Cost: free/OSS. The point of loop-cost is that the real cost is your loops’ token spend — cadence is a linear multiplier (5m vs 1d = 288× runs/day); a 15m CI-sweeper running full sub-agent chains every time is ~5M tokens/day (“avoid”). loop-audit exits code 2 if score < 40 (CI-gate friendly). Integration notes: loop-audit scores presence of state file, triage skill, verifier, LOOP.md, AGENTS.md/CLAUDE.md, safety docs, workflows, MCP config, worktree evidence, registry.yaml, budget + run-log, and (v1.4) dynamic loop activity. The CLIs are intentionally thin wrappers around the registry metadata; the durable value is the docs, patterns, and checklist.^[inferred — based on reading the tool source vs the docs]

Try It

  • Read the failure-mode catalog and the design checklist even if you adopt nothing else — they’re the highest-signal, tool-agnostic parts and double as a review rubric for loops you already run.
  • Score an existing loop: npx @cobusgreyling/loop-audit . --suggest on a repo where you run /loop or scheduled tasks, and see where it lands on L0–L3.
  • Map it onto Claude Code’s native primitives you already have: /loop, /schedule, /goal, ScheduleWakeup, scheduled cloud agents (Routines), worktree isolation, and sub-agents — this repo is the discipline layer on top of those mechanisms, not a replacement for them.^[inferred]
  • Start a new loop at L1 report-only (Daily Triage or Changelog Drafter) for a week before letting anything write code.
  • 12-Factor Agents (HumanLayer) — sibling framework; “LLMs are stateless functions, own your control flow / context / prompts” is the same thesis loop engineering operationalizes over time.
  • Dynamic Workflows (Claude Code) — the Claude-Code-native loop mechanism (/loop, agent-loop genius-or-hype) this reference maps patterns onto.
  • Loop Engineering — Addy Osmani’s Essay — the canonical primary essay this repo turns into tooling (the repo was created 2026-06-09, the day after the essay); the five building blocks, the worked example, and the named risks originate there.
  • Verifier-First Loops — the verifier-first pre-flight that prevents this catalog’s Verifier Theater / Infinite Fix Loop failures.

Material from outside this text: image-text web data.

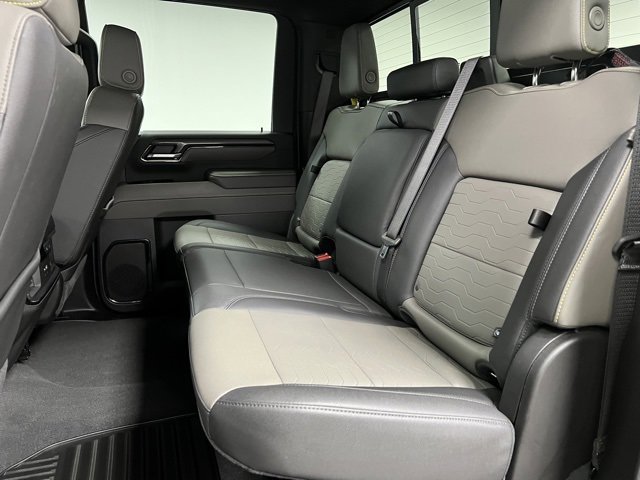 Used 2024 Chevrolet Silverado 2500 ZR2 w/ Technology Package image 49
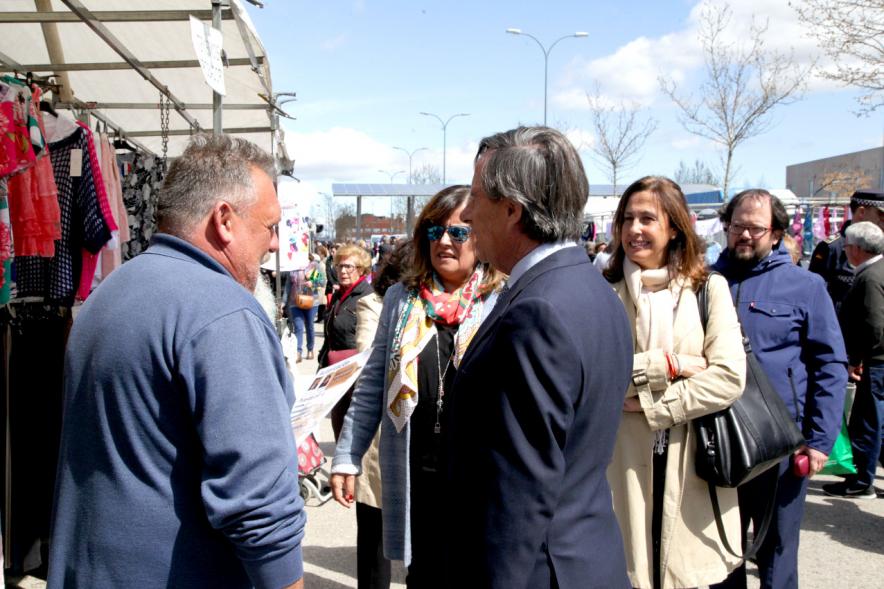 Visita y Entrega Nuevas Autorizaciones en Nueva Ubicación del Mercadillo - Imagen de las autoridades en el mercadillo.
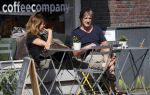 Amsterdam 23 mei 2018
Wim Kieft met vriendin op terras bij de coffeecompany.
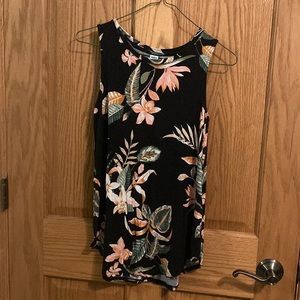 Black flowy Old Navy tank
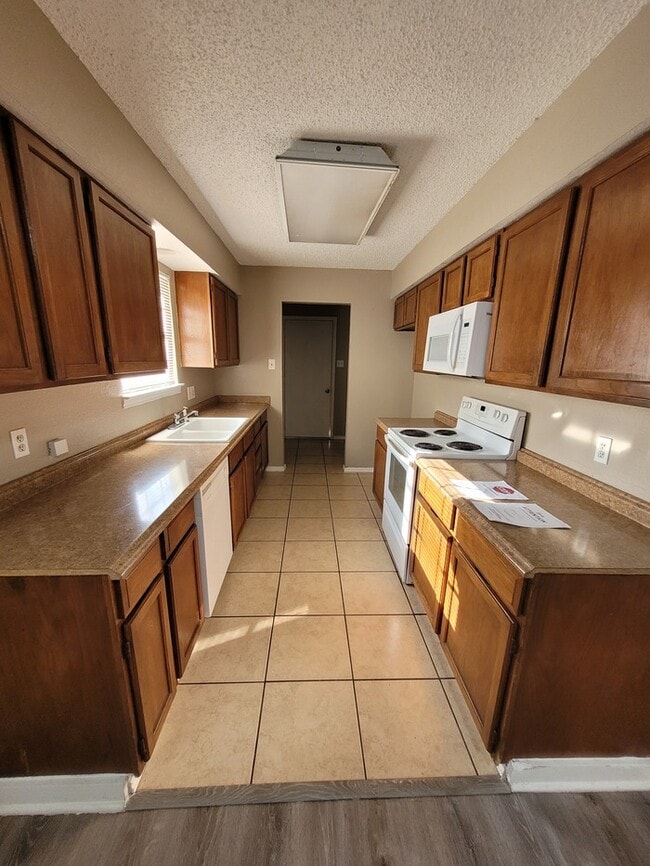 Building Photo - Spacious 3 bed 2 bath townhome!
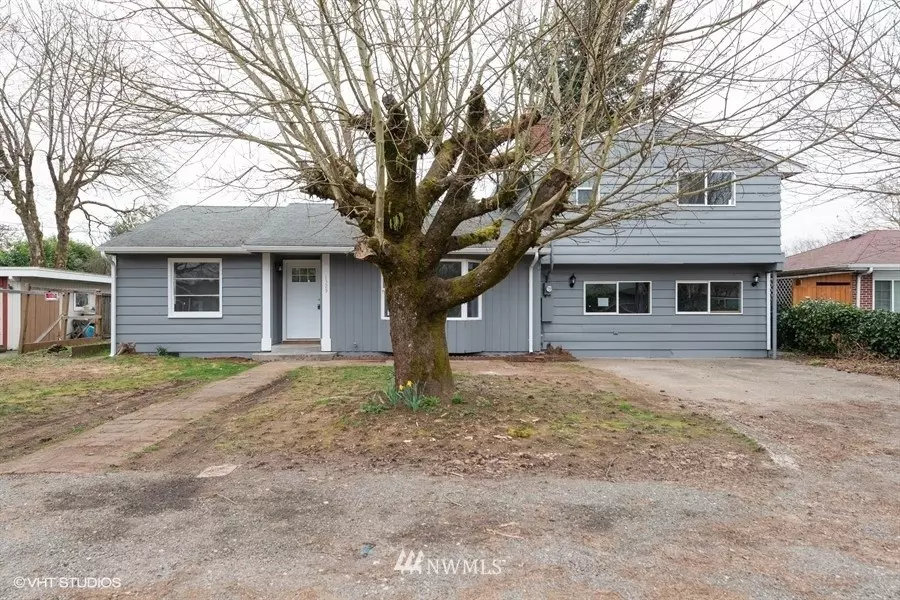 1325 View AVE, Centralia, WA 98531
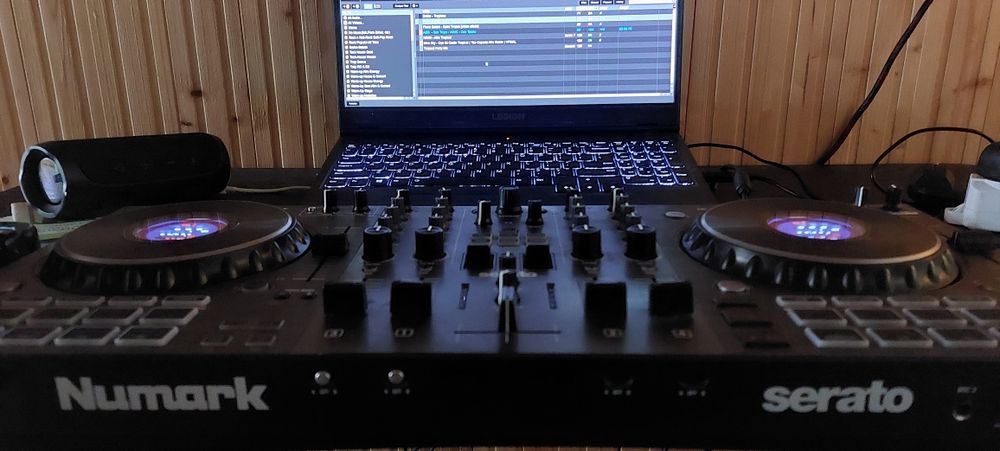 Vand consola Numark NS4FX - Controller DJ profesional 4 deck-uri (Serato DJ)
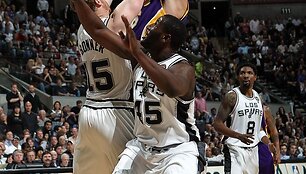 &bdquo;Lakers&ldquo; pergalė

  • Should You Build a Loop? — the four-condition decision test + 30-day security checklist that complement this repo’s loop-cost economics and failure catalog.

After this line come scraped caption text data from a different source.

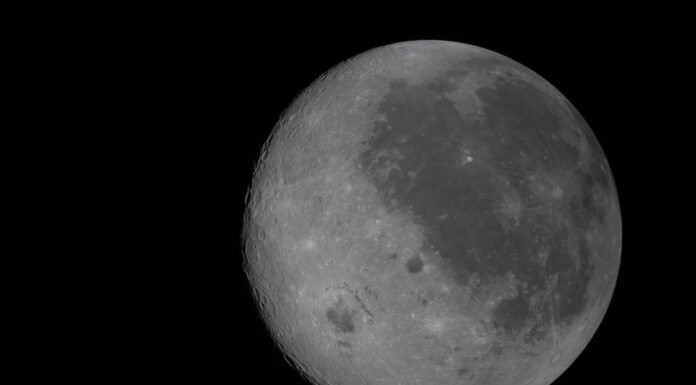 Людство повертається до місячних рубежів: Artemis II завершує історичний обліт Місяця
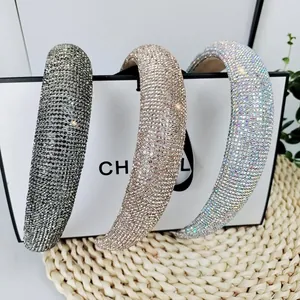 Detail von funkelnden Strass-Haarreifen in Silber, Gold und Weiß mit schillerndem Effekt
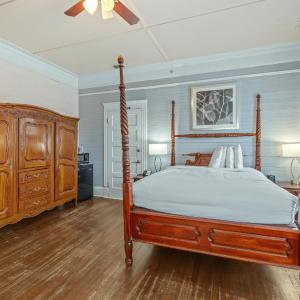 Queen Room - Accessible/Nonsmoking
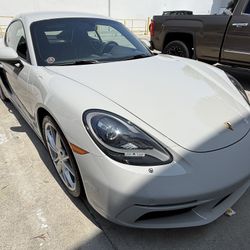 2019 Porsche 718 Cayman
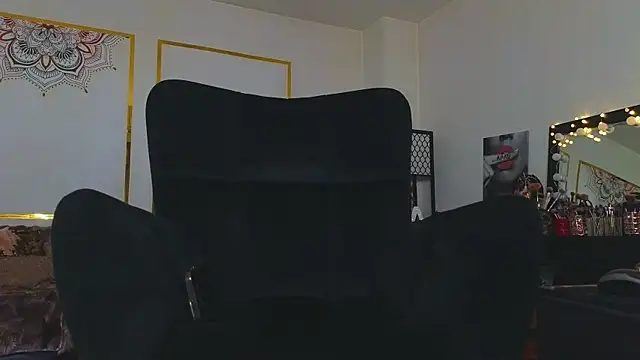 PandoraVolkov online show from February 27, 2025, 7:58 pm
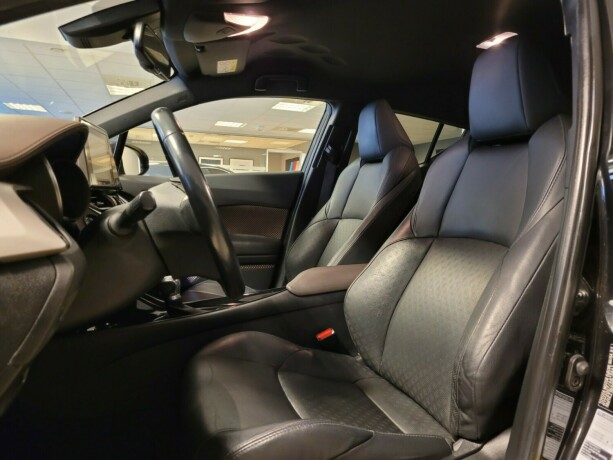 toyota-c-hr-elektrisitetbensin-2017-big-18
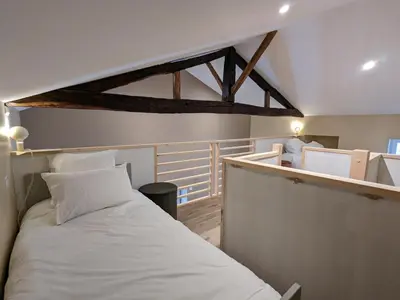 Un ou plusieurs lits dans un hébergement de l'établissement Charmante maison à Angoulême, cour privée, proche parc et bus, accueil bébé, Wifi, animaux acceptés - FR-1-653-230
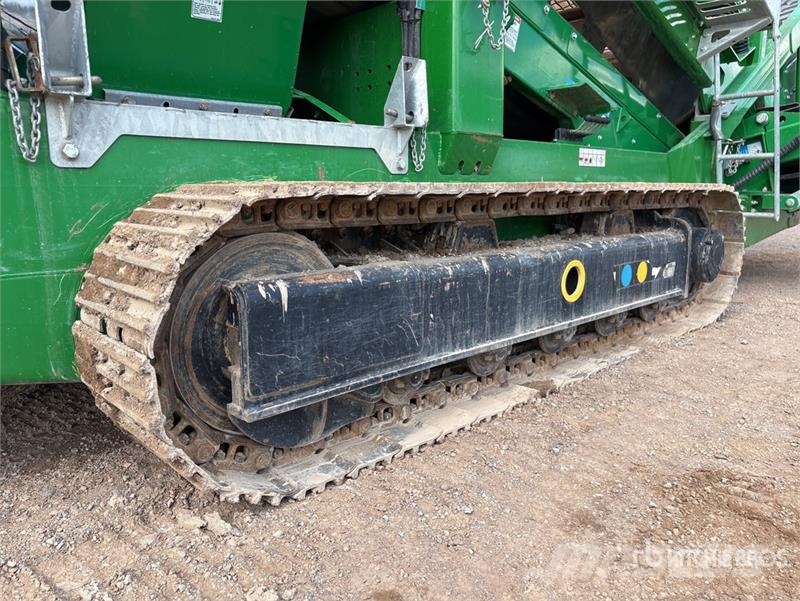 McCloskey R105 Tracked Screen Plant غرابيل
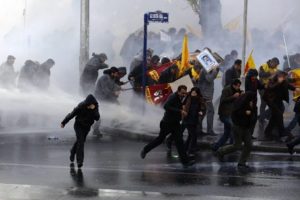 Gösteri yapan gruba polis müdahalesi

  • agent-skills (Addy Osmani) — Osmani’s companion essay; his spec-to-ship skill lifecycle is the “skills pay down intent debt” primitive made concrete.
  • Reflecting on a Year of Claude Code (Boris Cherny & Cat Wu) — primary source for the “my job is to write loops” framing and the /loop 30m /slack-feedback-style usage.

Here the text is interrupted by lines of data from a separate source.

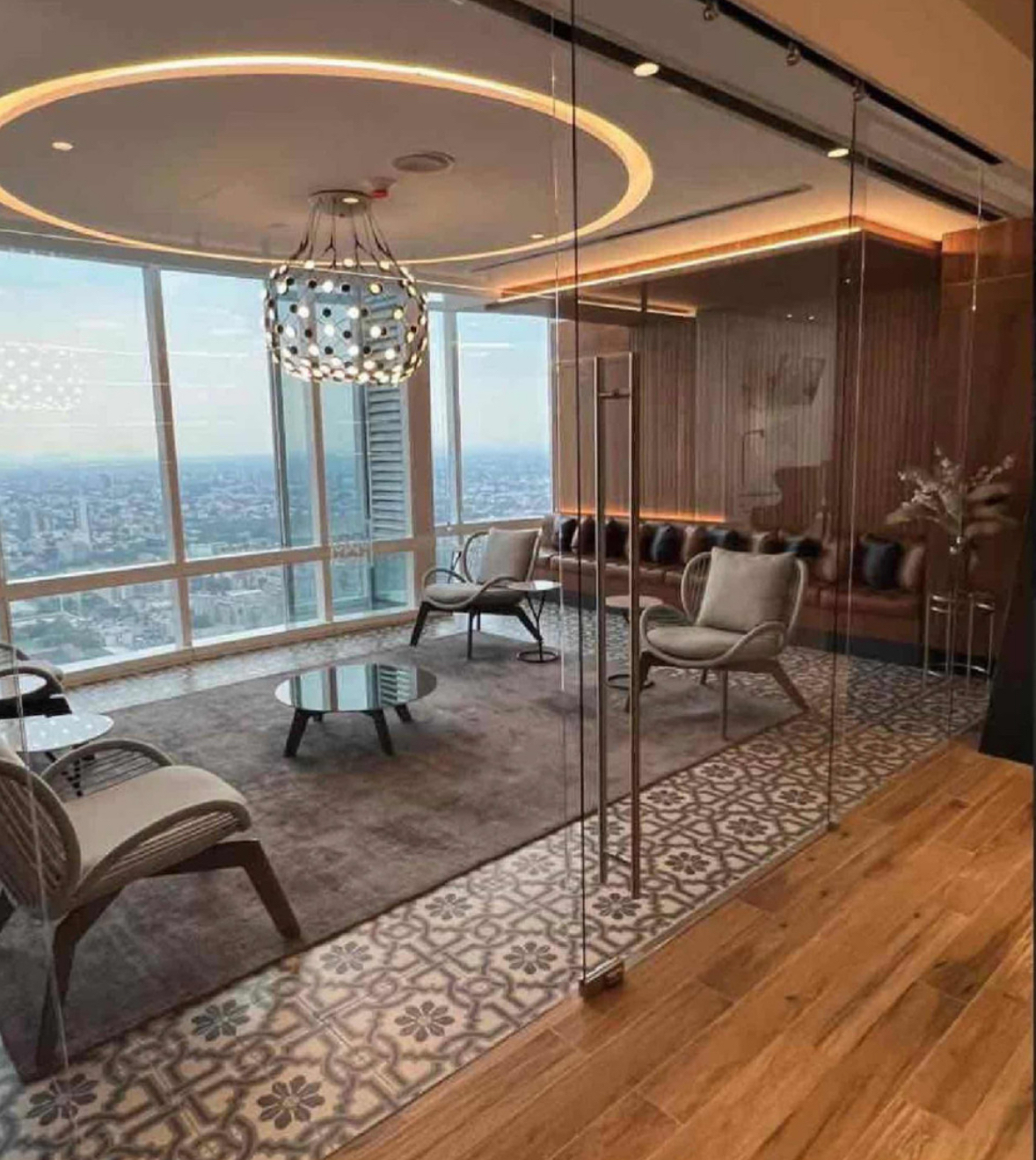 4 of 28: Salón familiar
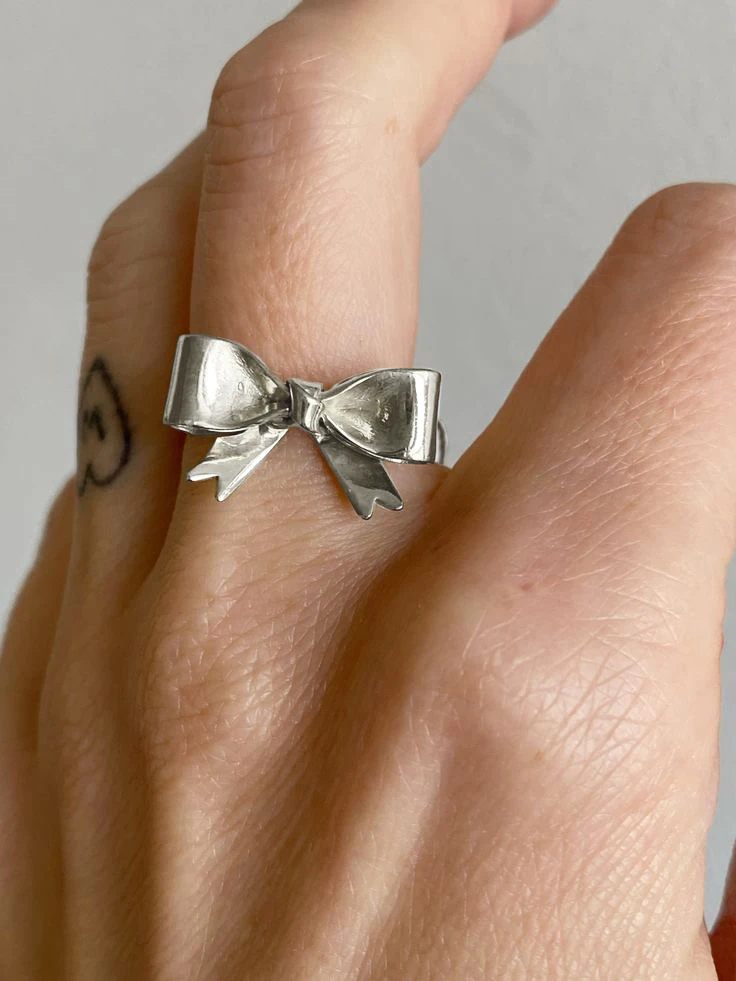 1pc Fashion Bow Simple KC Gold Copper Silver Color Ring Women Party Daily Gift Adjustable
1pc Fashion Bow Simple KC Gold Copper Silver Color Ring Women Party Daily Gift Adjustable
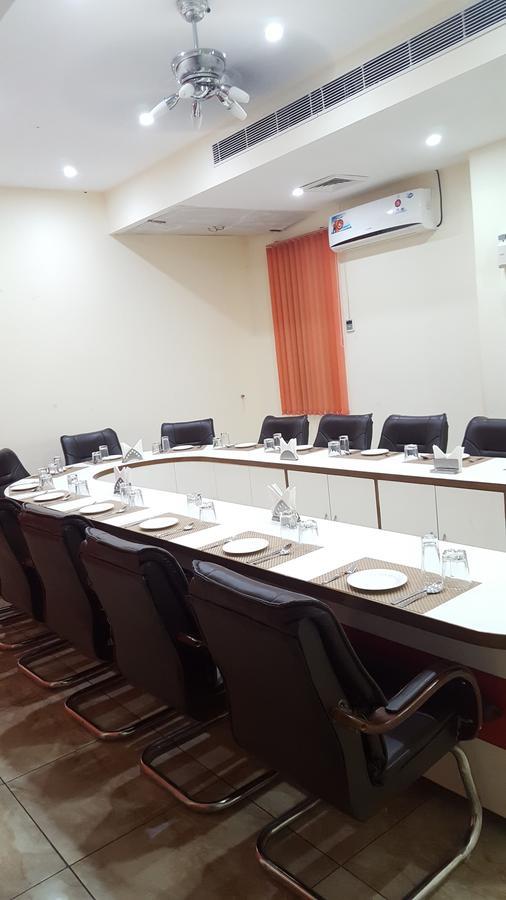 Chopra Residency Hotel Hamirpur Buitenkant foto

  • Ryan Carson’s Clawd Chief — “agents are cron jobs and markdown files” — the same loop thesis at solo-founder scale.
  • Browserbase Autobrowse and Reflexio — harness-self-improvement siblings: graduate a successful run into a reusable skill/playbook (maker/checker + skills-as-memory overlap).
  • 2026 Claude Code AIOS Pattern — the markdown-config + scheduled-task “agent OS” framing loops slot into.
  • The Loop Is the Unit of Work — the cross-topic synthesis placing this catalog, Claude Code’s /loop/Routines, and the verification frontier as one pattern (prompt → harness → loop).
  • Agent Loops (topic) — the wiki’s learning hub for loops; start with the Write Loops, Not Prompts explainer (lineage + 3 starter loops), then this catalog as the reference layer.

Open Questions

  • The three CLIs are days old (loop-cost v1.0.2) and lightly tested; treat scores/estimates as directional, not authoritative.^[inferred]
  • No independent production-loop case studies yet beyond the author’s own stories/ (which honestly include why-we-killed-ci-sweeper.md); adopter evidence is thin at 162★.